記者:不得不承認,如今文學期刊的生存狀況面臨著嚴峻的挑戰,外國文學雜志相信也頗有壓力,面對網絡媒體和電子閱讀對市場的搶占,您認為傳統的紙質媒體是否喪失了競爭優勢?如果要繼續生存下去需要做哪些努力?
顧愛彬:文學期刊的生存狀況,不用再多言。外國文學雜志感受尤其深刻。我認為,未來的閱讀市場必將分為深閱讀與輕閱讀兩種形式。對更多在互聯網環境中成長起來的讀者而言,其有限的閱讀時間與精力,必然有相當一部分分配給以電子閱讀為主要表現形式的輕閱讀、快速閱讀、興趣閱讀。而文學或者說外國文學,尤其是長篇外國文學,依然會受到一批喜愛外國文學作品的讀者的青睞。

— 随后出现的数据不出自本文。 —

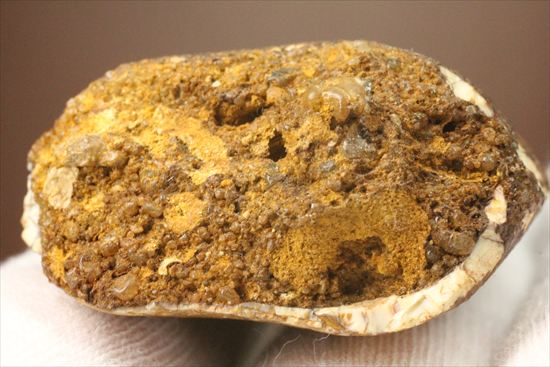 太いルートが特徴!カルカロドントサウルスの歯化石(Carcharodontosaurus)(その4)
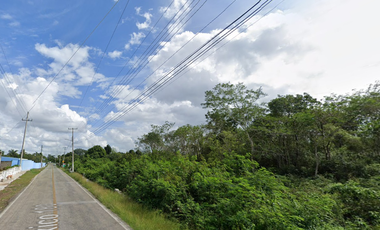 Terreno de 21,112.58 m2 en el Municipio de Bokobá Yucatán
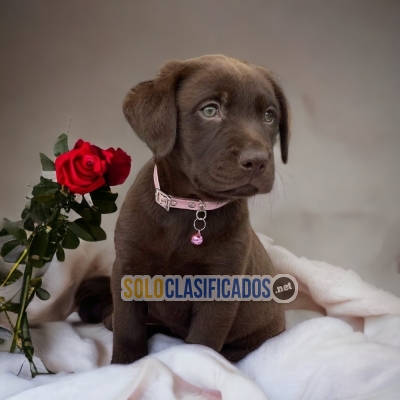 Hermosos perros Labrador Retrievier... 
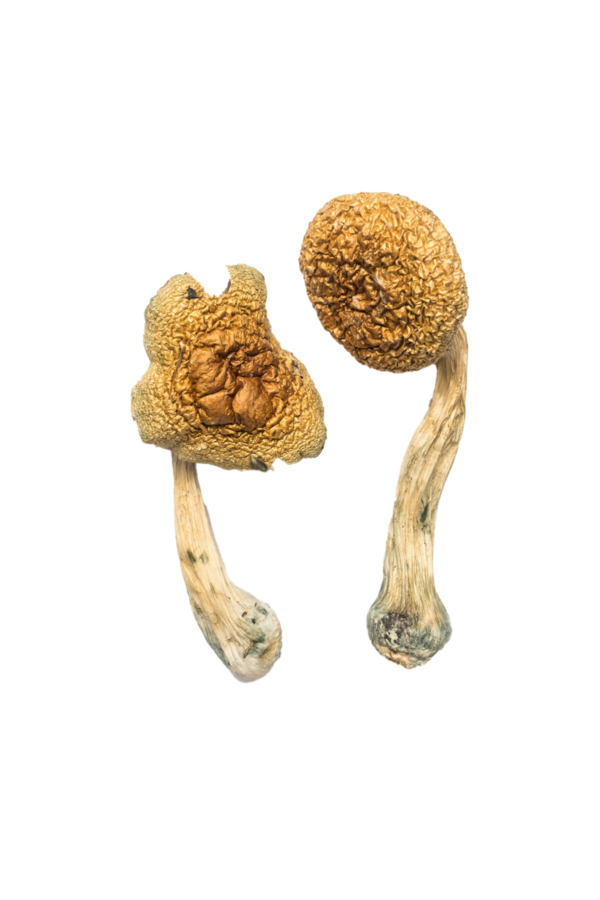 Golden Mammoth Magic Mushrooms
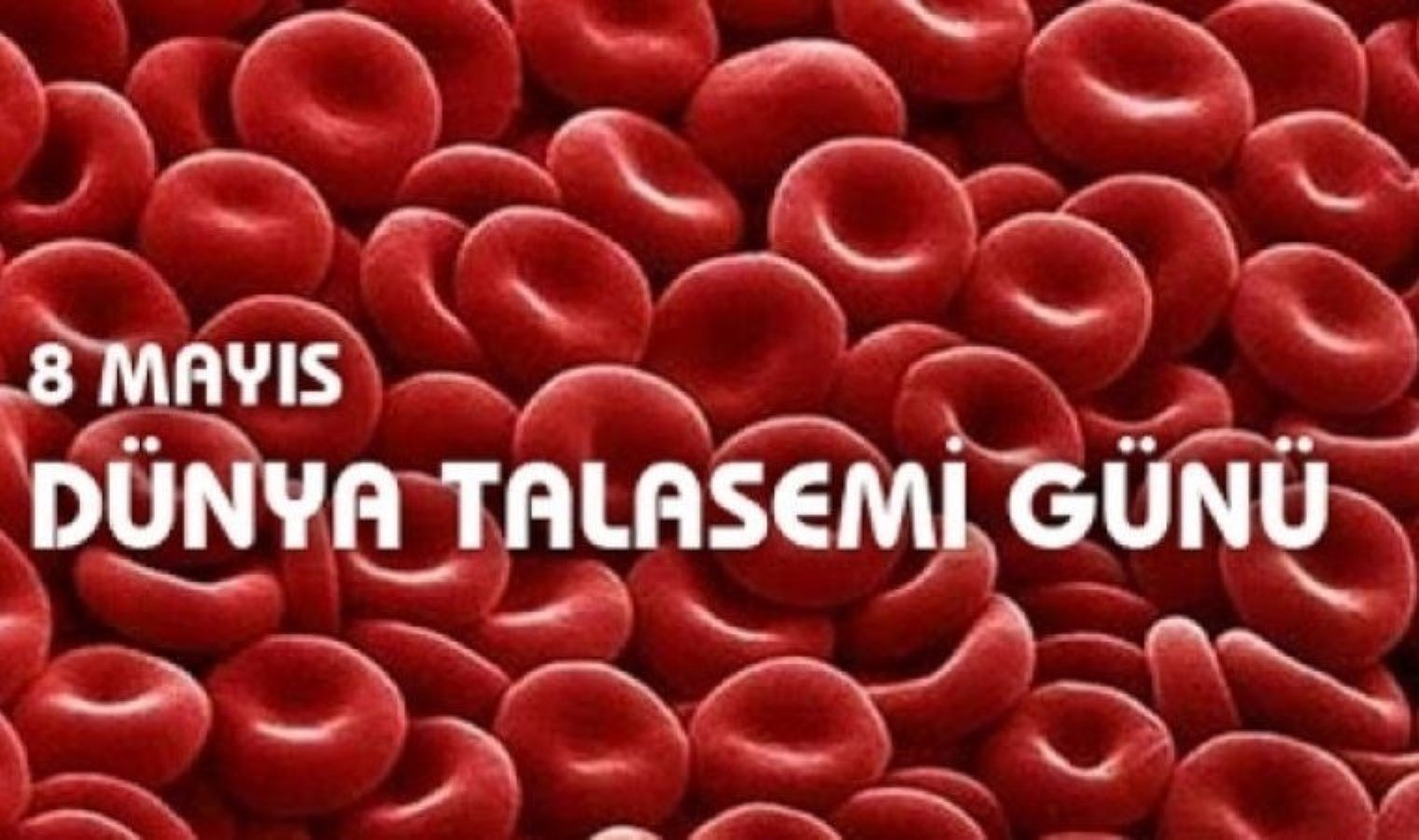 8-mayis-dunya-talasemi-gunu-nedir-mf2ys4Ci.jpg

在數字出版浪潮的沖擊下,傳統紙質媒體,尤其是紙質外國文學刊物,正在喪失其原有的優勢,讀者正漸漸離去。這一點是毋容置疑的。要想繼續生存,必須跳出傳統的桎梏,力求變革,無論內容還是形式,包括新的傳播方式,都必須適應時代和市場變化發展的要求。否則,很難看到它的未來。
記者:您前不久也在媒體談到,《譯林》確實在“謀變”,那未來有哪些“變化”是值得讀者期待的?

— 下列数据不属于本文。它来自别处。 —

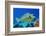 Bluespine unicornfish, Ras Mohammed National Park, Egypt, Red Sea.-Linda Pitkin-Framed Photographic Print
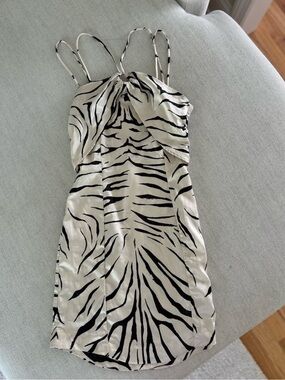 Zara Black and White Zebra Slip Dress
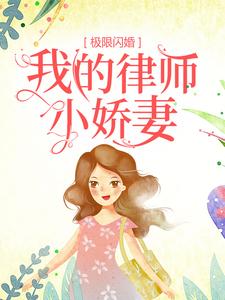 极限闪婚：我的律师小娇妻全文免费试读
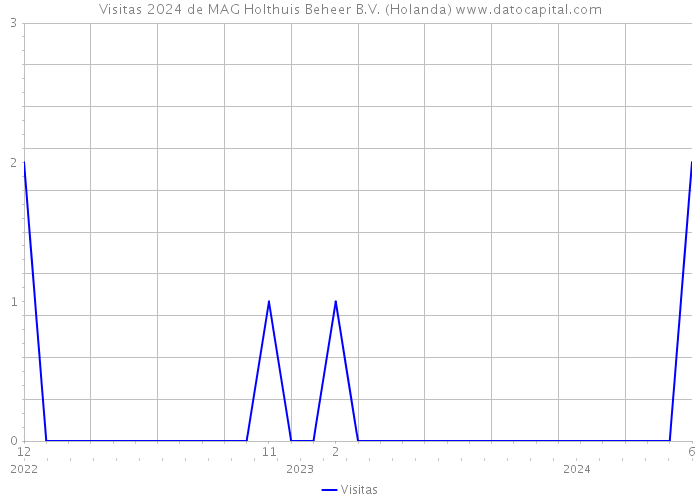 Visitas 2024 de MAG Holthuis Beheer B.V. (Holanda)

顧愛彬:一份擁有幾十年歷史的雜志,謀變絕非易事。一方面是多年心心相印、對我們關愛有加的老讀者,另一方面是初識《譯林》、對我們有更高要求的新讀者。作為雜志主辦方,我們推演過若干種變的途徑。有關于形式的,有關于內容的,也有關于辦刊理念甚至辦刊人員組成的。因為現在具體談還不成熟,所以只能說的是,無論哪一種變化,都不會強行求變,不會因某些短期因素求變,而是會以各種方式去試探讀者,適應市場,最終尋找一條適合《譯林》自身的變革之路。有一點要說的是,《譯林》雜志是一個非常響亮的品牌,有無數讀者一直在默默關注她。她的影響之深之廣,可能是我們先前不曾想見的。前一段時間,一則誤傳《譯林》改刊的消息牽動了很多人的心,這說明《譯林》在好多讀者心里始終占據一塊很重要的位置?!蹲g林》雜志的微博擁有18萬之多的粉絲,時刻關注著她的動向。畢竟,她自1979年創刊以來,陪伴了無數讀者走過了漫長的30多年的成長發展歷程。這些都讓作為出版者的我們深受感動。我們惟有獻上更令人滿意的《譯林》,才能不辜負廣大讀者這一份厚厚的期待和深深的摯愛。